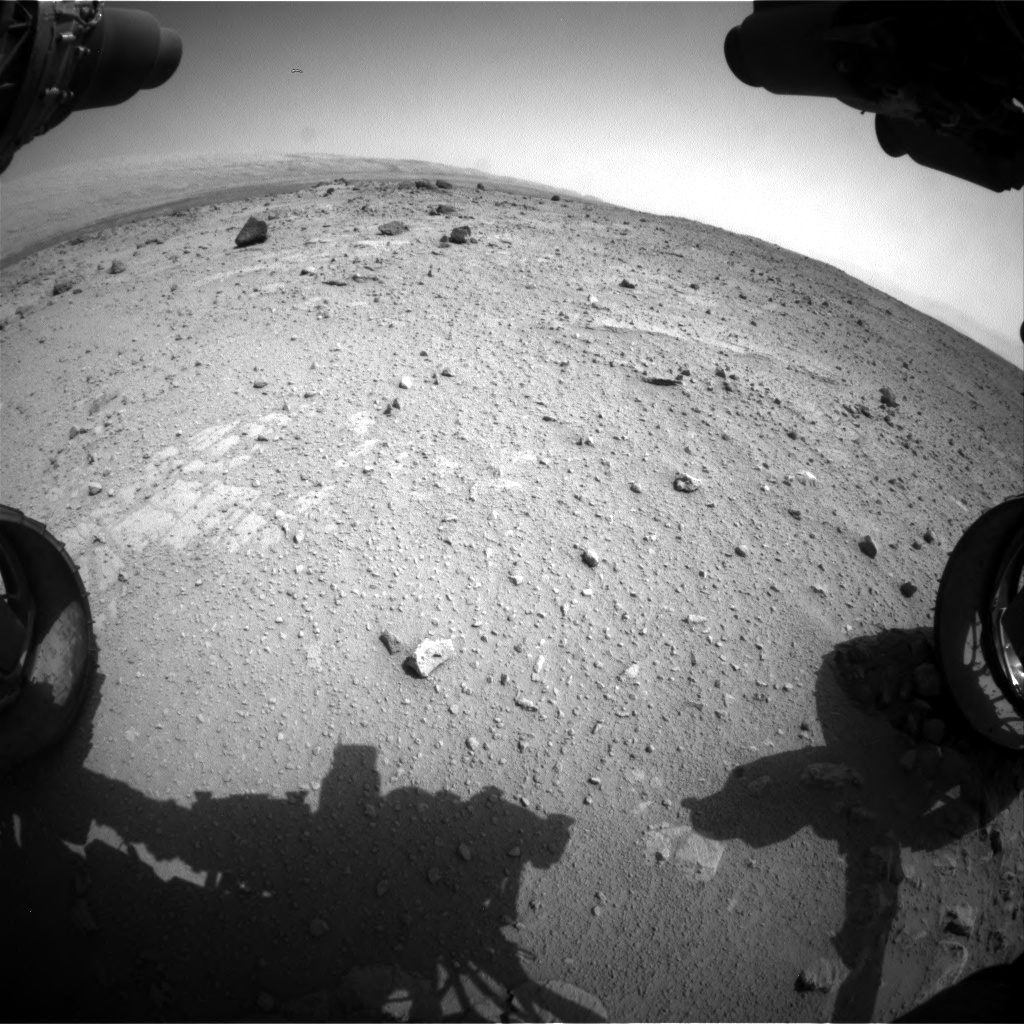 Nasa's Mars rover Curiosity acquired this image using its Front Hazard Avoidance Camera (Front Hazcam) on Sol 371, at drive 974, site number 13
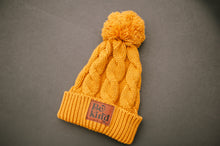 Load image into Gallery viewer, Be Kind Toboggan Winter Hat Mustard
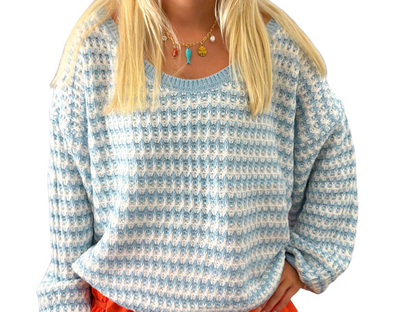 Paisley sweater blue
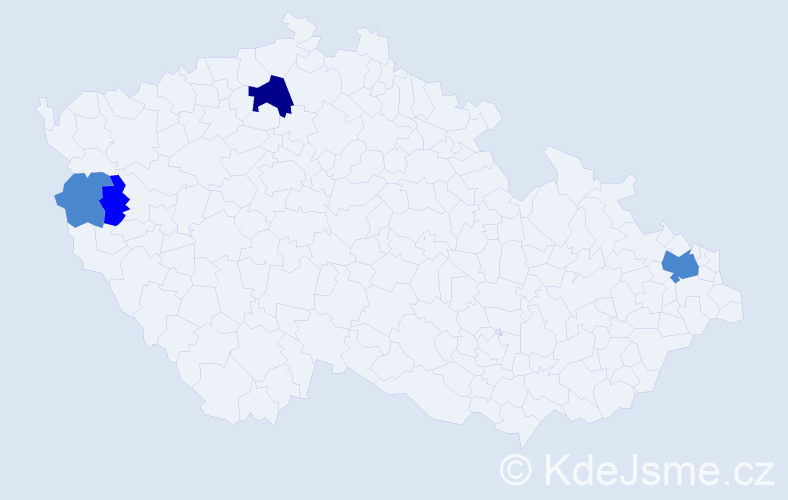 Příjmení: 'Peevová', počet výskytů 7 v celé ČR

###

=== Problem to work on ===
Reproduce all of the data exactly; the pictures do not belong in the copy.

=== Written solution ===
 Nasa's Mars rover Curiosity acquired this image using its Front Hazard Avoidance Camera (Front Hazcam) on Sol 371, at drive 974, site number 13
 Load image into Gallery viewer, Be Kind Toboggan Winter Hat Mustard
 Paisley sweater blue
 Příjmení: 'Peevová', počet výskytů 7 v celé ČR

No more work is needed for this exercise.